Two Extreme Types Of Rental Properties.
I am currently looking at two deals. They are minor rehabs as rentals.
Deal 1:
Listed at $102k
Could get for $90ish hopefully
With $7k in repairs I could get $110-$120k
It is in a good neighborhood near a VERY large development of $200-$400k homes. I was thinking of getting in touch with realtors that I know that work with the new construction and have a month-to-month rent contract for people waiting for their home to be finished. If I could rent it for $1100/month I would do alright I figured. Does anyone have any experience with that?
Deal 2:
Home listed for $79,000
Been on market 1 1/2 years. Originally listed at $120k
Outside COMPLETELY rehabbed, the home looks like a $250k house from the outside. Inside is trashed/stripped. It's like they ran out of money. The area is an old lower class neighborhood of $70k homes.

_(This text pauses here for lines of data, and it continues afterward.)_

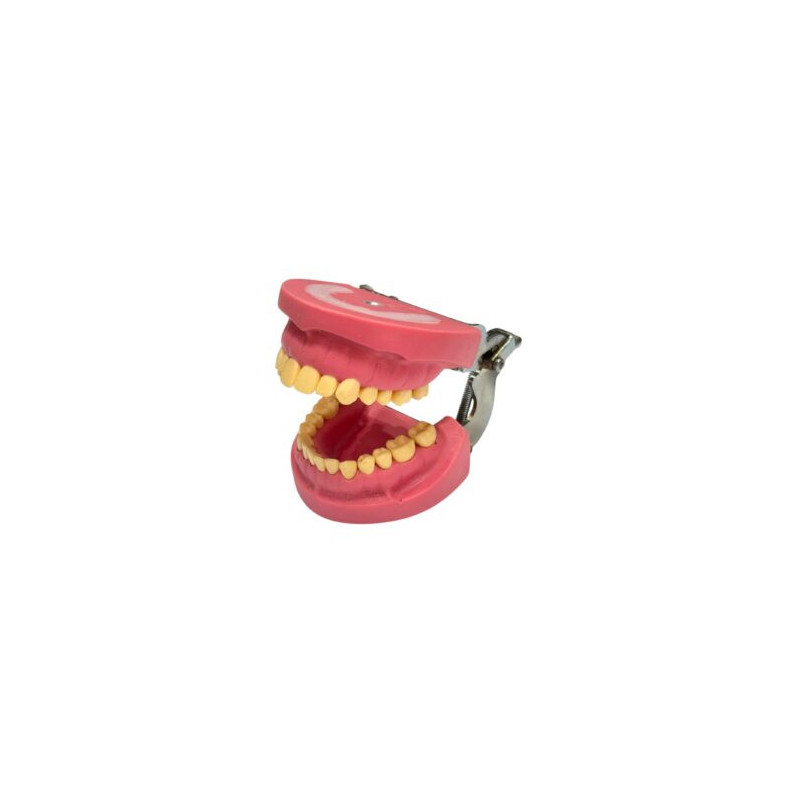 Cast Banna Model Copy Metal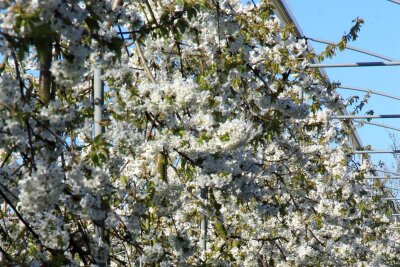 Äpfel statt Tulpen: Im Obstgarten der Niederlande - Weiße Pracht: Apfelblüten eines Obstbaubetriebs in Tricht.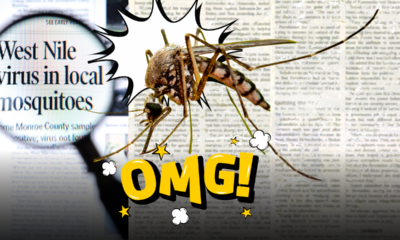 Allarme West Nile in Italia: come si trasmette la Febbre del Nilo, i sintomi a cui prestare attenzione e le mosse giuste per difendersi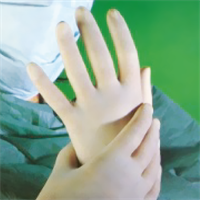 Latex Examination Glove (Powedered/ Powdered-Free)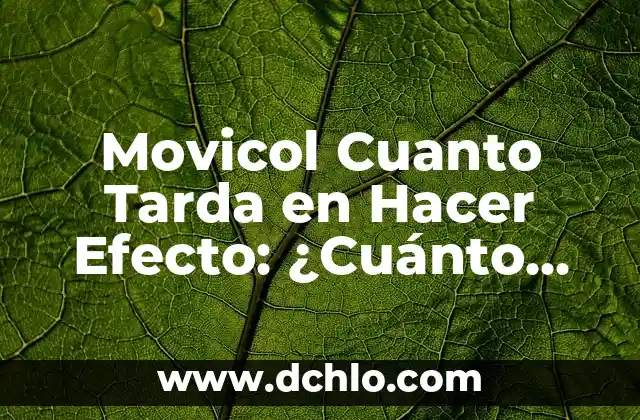 Cuánto tarda en descongelarse la carne: Guía completa 3 Movicol Cuanto Tarda en Hacer Efecto: ¿Cuánto Tiempo Necesita para Funcionar?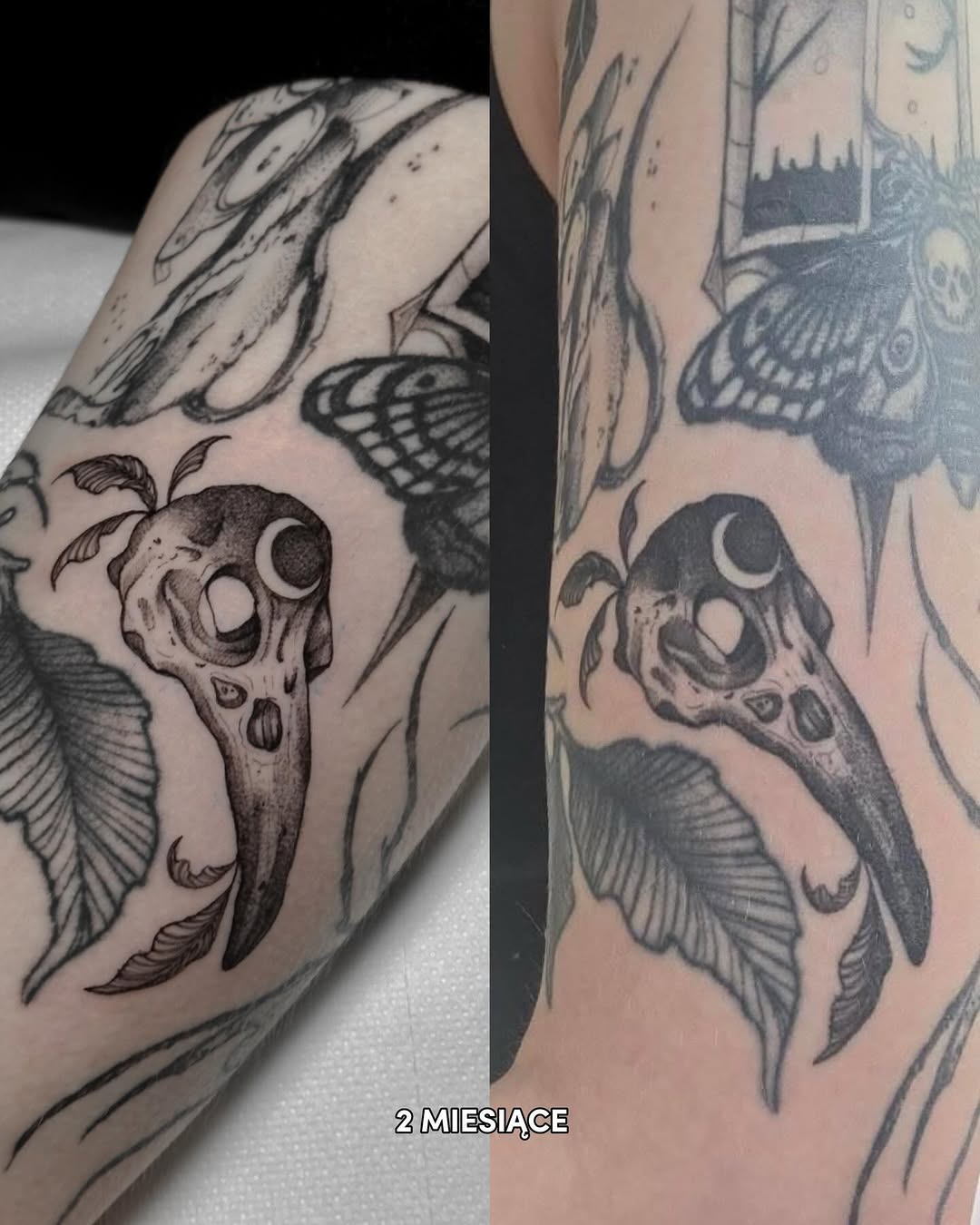 sve.tattoo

I could hopefully get in for $70k. With $8k of interior cosmetic fixes I could hopefully refinance for $85k to pay back repairs and get a little extra cash. About five blocks from this house is a $35k/yr college campus. I was thinking of renting this home to 2-3-4 students for $1000-$1100 a month. It is 1600 sq ft and would have an 1100 sq ft finished walkout basement when I was done. It also has a 2 car garage on a shared driveway. I think I could get that much rent from multiple students. Does anyone have any suggestions working with college campuses? Good bad or otherwise?

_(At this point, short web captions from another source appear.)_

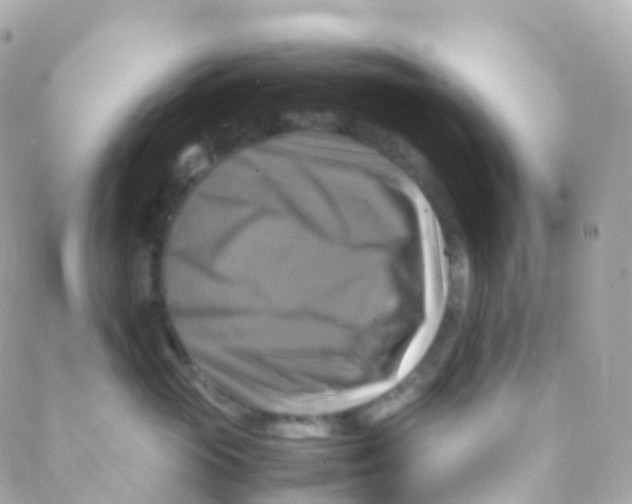 X0000088230765200706051347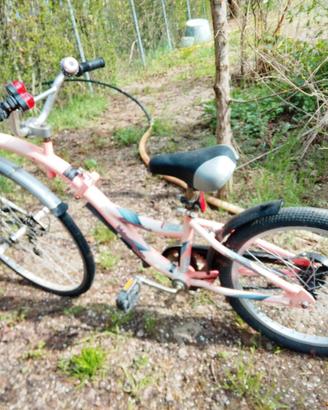 Rimorchio bici per bambini 5-10 anni 18 pollici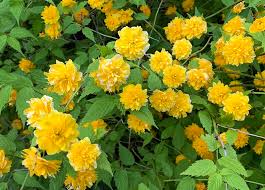Plant will be dormant (no leaves) late fall through the winter months, this is normal. Kerria Japonica Aka Japanese Kerria Gardenlady Com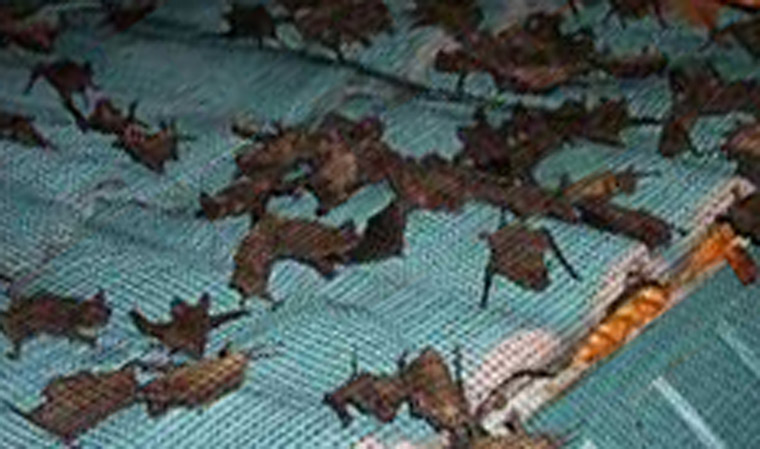 bats hibernate or migrate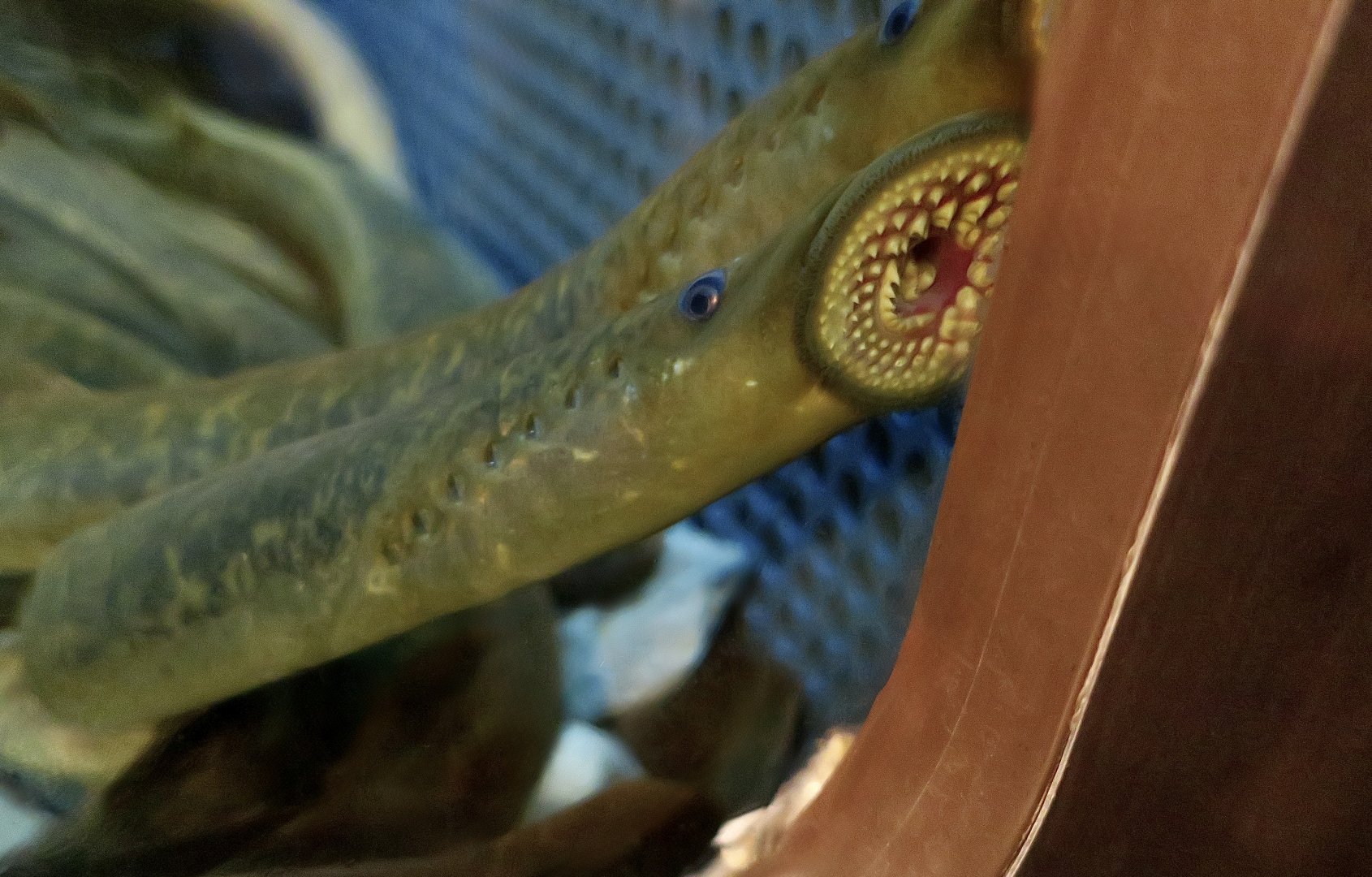 Sea Lamprey (Petromyzon marinus)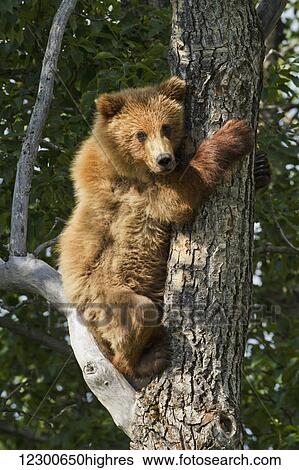 Stock Photograph - Brown bear (Ursus arctos) yearling cub climbing down from balsam poplar tree (Populus balsamifera) in summer, Katmai National Park and Preserve, Southwest Alaska. Fotosearch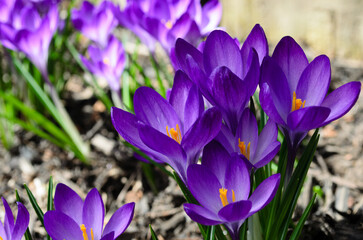 Side view of Crocus flowers in the shade with sunlit garden in the background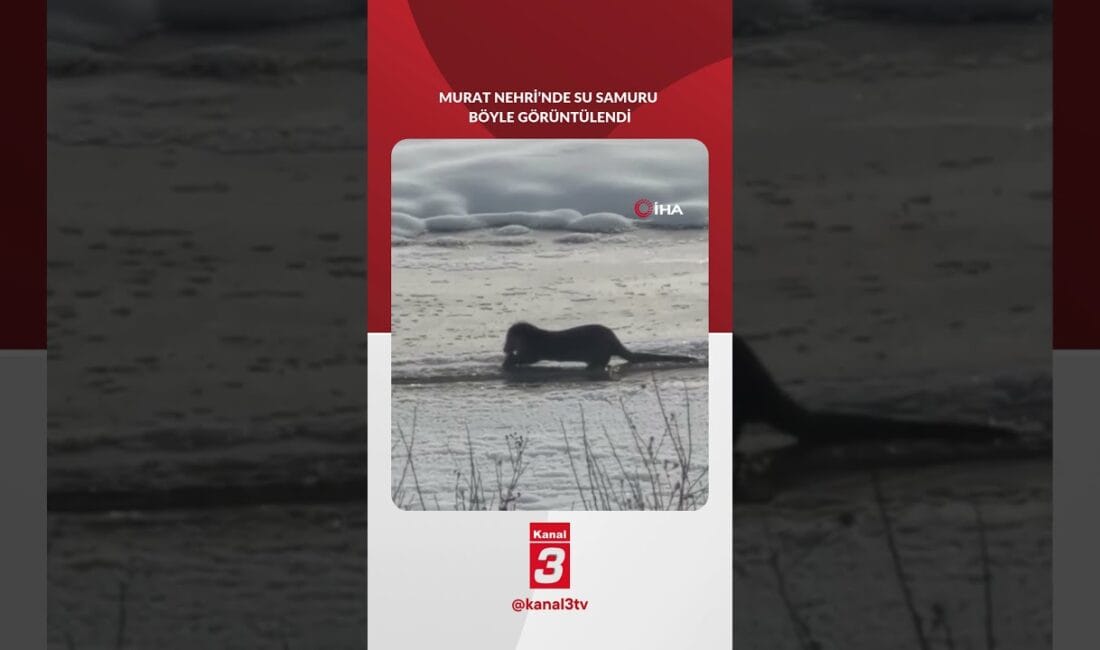 Meteoroloji Genel Müdürlüğü’nün son tahminlerine göre hafta boyunca yurdun büyük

These would be my first rentals. I am getting a family member to help with the financing/fix up costs.
Thanks a lot
Chase
Chase, Deal #1 may be a better property to rehab and flip. Be careful with Deal#2 many cities have ordinances against unrelated people living in the same house in a single family neighborhood. Hope this helps.
Be careful about students .they are famous for damaging apts . make it a lease and have parents co-sign if possible. just sign me -BEEN THERE
Quote:
On 2004-02-04 04:33, TNTRASH wrote:
Be careful about students .they are famous for damaging apts . make it a lease and have parents co-sign if possible. just sign me -BEEN THERE
I would go for the first house. A few years ago we rented a townhouse we own in a not-so-lovely neighborhood, and took in 3 brothers, late teens/early 20's. They worked construction and promised us the moon, about doing fixes to the property, etc. etc. We recarpeted the entire house as the previous tenant had been there over 5 years and carpet was pretty shabby. Fast forward 10 months and several headaches and threats of eviction later, they skipped. OMG you wouldnt believe the sight we walked into. Back door had been kicked in and never fixed (it would close but couldnt be locked), new carpet absolutely TRASHED, roaches EVERYWHERE, I stopped counting after about 30-some empty Crown Royal bottles, I could go on and on. This place had no doubt been a party palace. Lesson learned, we would have been better off waiting and losing a month's rent than to take these tenants. I will never go that road again. If you did I'd get the maximum security deposit my state would legally allow, have the lease in one person's name and have their parent sign also, let them deal with getting the rent from their roommates. I'd also do, at minimum, quarterly inspections. But all things being equal I'd rather do the first deal if I were you.
Definitely #1...it has a greater upside and if you can get into the short term rental market you'll do great. Get the house in tip top shape, furnish it and then market it to people needing a place to stay for a month or two. Typically those types of arrangements demand more rent too.
Good luck,
Q
I would buy both houses if I can get that much rent because it means cash flow and if you get HELOC, COSI or COFI financing with little or no out of the pocket money you'll be OK. Let the renter pay out that loan. To rent to students successfully, the key is the good deposit and if you can get their parents to sign out for them, even better.